評価は、各評価項目につき10名の評価点の平均を算出し、以下のとおり評価した。
◎:10人の専門パネラー(美容師)の評価点の平均が3.5点以上である。
○:10人の専門パネラー(美容師)の評価点の平均が2.5点以上3.5点未満である。
△:10人の専門パネラー(美容師)の評価点の平均が1.5点以上2.5点未満である。
×:10人の専門パネラー(美容師)の評価点の平均が1.5点未満である。
【0053】
(1)なめらかさ
毛束を触ったり、指を通した時の毛髪表面のでこぼこの無さをなめらかさとし、評価を行った。
4点:非常になめらかである
3点:なめらかである
2点:ややひっかかる
1点:非常にひっかかる
【0054】
(2)柔軟性
毛束を曲げたときの曲げやすさを柔軟性とし評価を行った。
4点:非常に曲げやすく、非常に柔軟性がある
3点:曲げやすく、柔軟性がある
2点:曲げにくく、あまり柔軟性がない
1点:非常に曲げにくく、柔軟性がない
【0055】
(3)滑り性
毛束を触ったり、指を通した時の滑り性の評価を行った。
4点:非常に滑る
3点:やや滑る
2点:あまり滑らない
1点:滑らない
【0056】
(4)しっとり感
毛束を触った時のしっとり感を評価した。
4点:非常にしっとりしている
3点:ややしっとりしている
2点:あまりしっとりしていない
1点:しっとりしていない
【0057】
【0058】
【0059】
【0060】
【0061】
【0062】
実施例1~32で製造した毛髪化粧料は、(1)~(4)の評価項目において良好な結果となった。
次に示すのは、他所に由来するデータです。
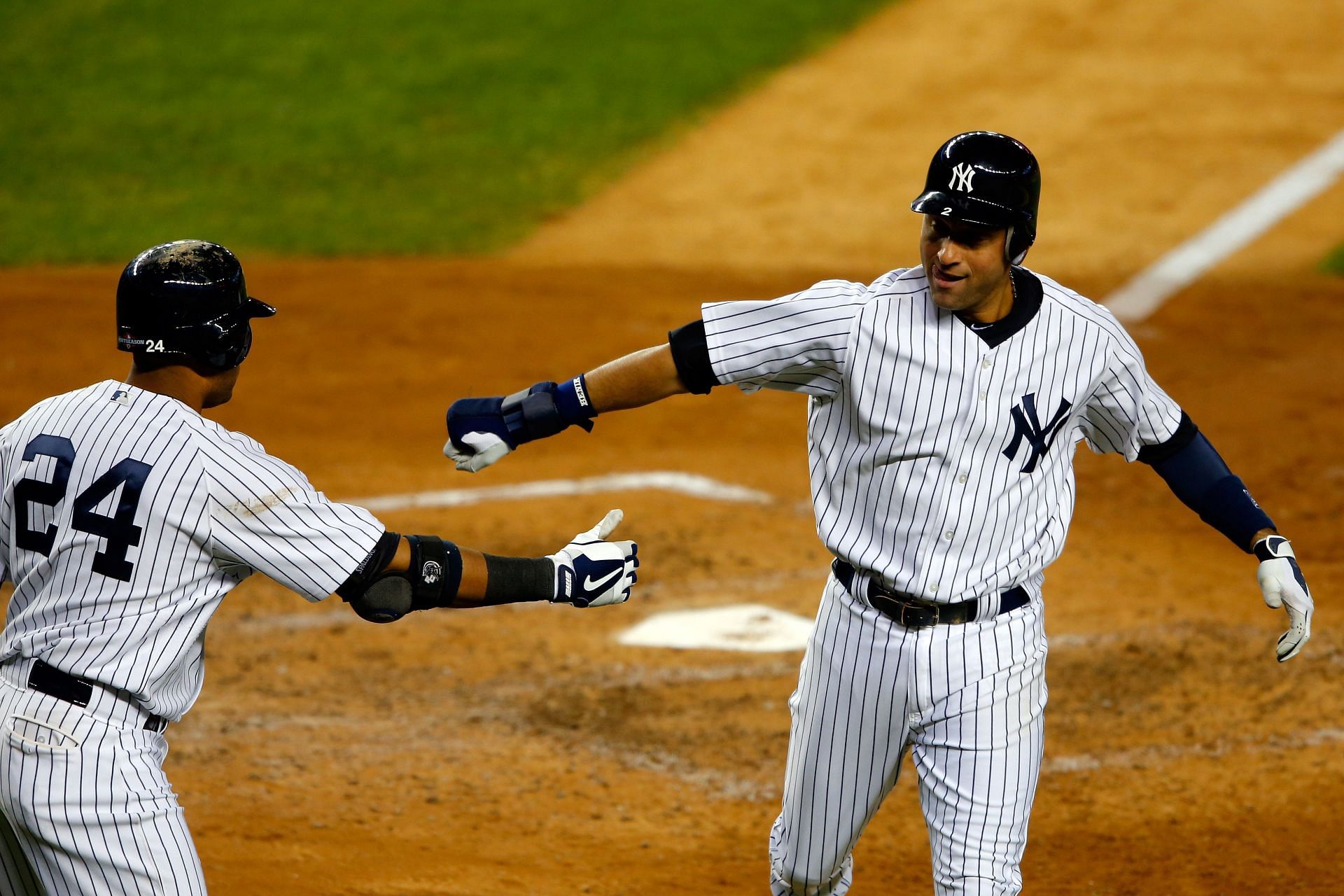 Derek Jeter of the New York Yankees celebrates with Robinson Cano #24 after scoring against the Baltimore Orioles at Yankee Stadium on October 12, 2012 in New York, New York. (Photo by Alex Trautwig/Getty Images)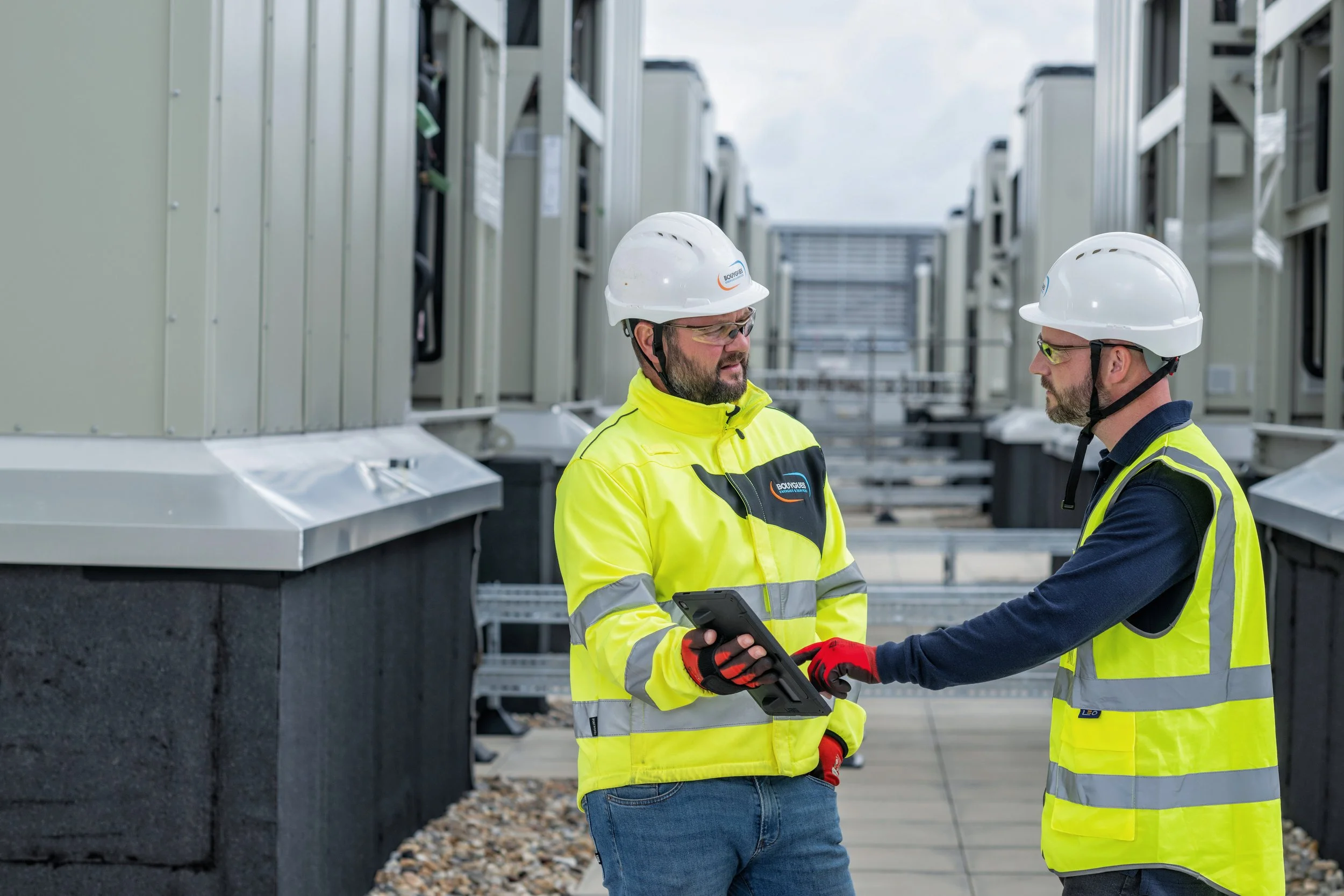Bouygues site workers conducting safety checks and inspections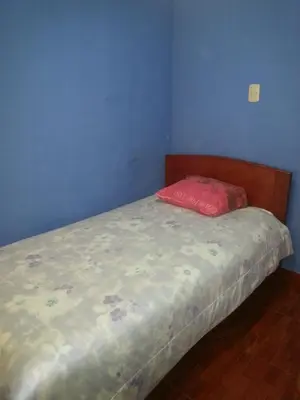 a small bed in a blue room with a red pillow at Hostal Arcangel in Abancay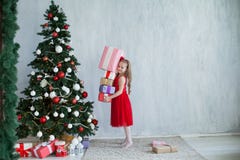 Wenig Mädchen öffnet Weihnachtsgeschenke am Feiertagshaus des neuen Jahres des Weihnachtsbaums lizenzfreie stockfotografie Wenig Mädchen öffnet Weihnachtsgeschenke am Feiertagshaus des neuen Jahres des Weihnachtsbaums lizenzfreie stockfotografie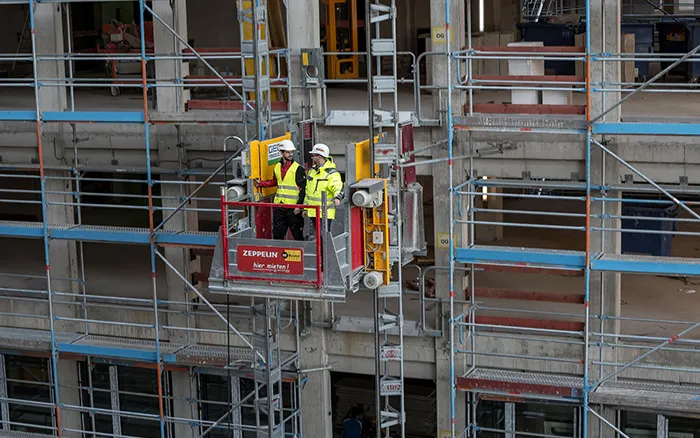 Zwei Bauarbeiter in einer Hebebühne bei Sicherheitsbegehung an einem Baugerüst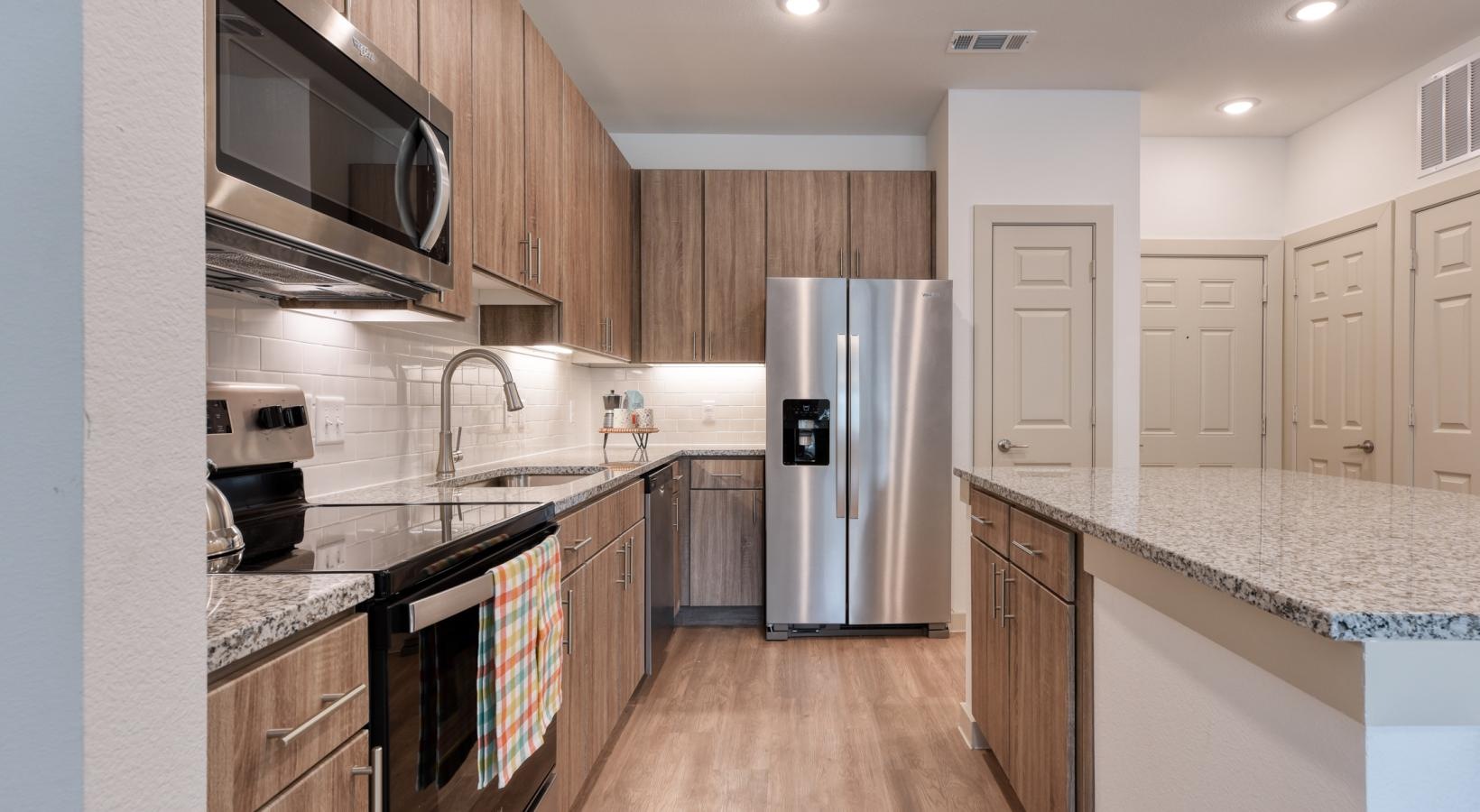 a kitchen with wooden cabinets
実施例29および30は、特に良好な結果となった。
実施例1~32で製造した毛髪化粧料は、4級アンモニウム塩を配合していないため、皮膚刺激が低いと考えられた。
【0063】
本発明の毛髪化粧料は、傷んだ毛髪に対しても、柔軟性、滑らかさ、滑り性およびしっとり感を付与でき、かつ、皮膚刺激が低い毛髪化粧料であることがわかる。
【0064】
比較例1で製造した毛髪化粧料は、ブラシカアミドプロピルジメチルアミン(A)が規定量より少ないため、滑り性が悪かった。
【0065】
比較例2で製造した毛髪化粧料は、ブラシカアミドプロピルジメチルアミン(A)が規定量より多いため、毛髪の滑り性が悪かった。
【0066】
比較例3~5で製造した毛髪化粧料は、ブラシカアミドプロピルジメチルアミン(A)が配合されておらず、比較例3ではステアルトリモニウムクロリド、比較例4ではステアラミドプロピルジメチルアミン、比較例5ではベヘナミドプロピルジメチルアミンが配合されているため、毛髪のなめらかさおよび滑り性が特に悪かった。
【0067】
比較例6で製造した毛髪化粧料は、25℃でペースト状の油剤(B)が規定量より少ないため、毛髪のしっとり感が悪かった。
【0068】
比較例7で製造した毛髪化粧料は、25℃でペースト状の油剤(B)が規定量より多いため、毛髪の柔軟性、滑り性およびしっとり感が悪かった。
【0069】
比較例8および9で製造した毛髪化粧料は、25℃でペースト状の油剤(B)が配合されておらず、比較例8では25℃で液状のミネラルオイル、比較例9では25℃で固体のパラフィンが配合されているため、毛髪の滑り性およびしっとり感が悪かった。
【0070】
比較例10で製造した毛髪化粧料は、酸(C)が規定量より少ないため、毛髪のなめらかさ、柔軟性、滑り性、およびしっとり感が悪かった。
【0071】
比較例11で製造した毛髪化粧料は、酸(C)が規定量より多いため、毛髪のしっとり感が悪かった。
【0072】
比較例12で製造した毛髪化粧料は、酸(C)が配合されておらず、炭素数6の有機酸であるグルコン酸が配合されているため、毛髪のなめらかさ、柔軟性、滑り性、およびしっとり感が悪かった。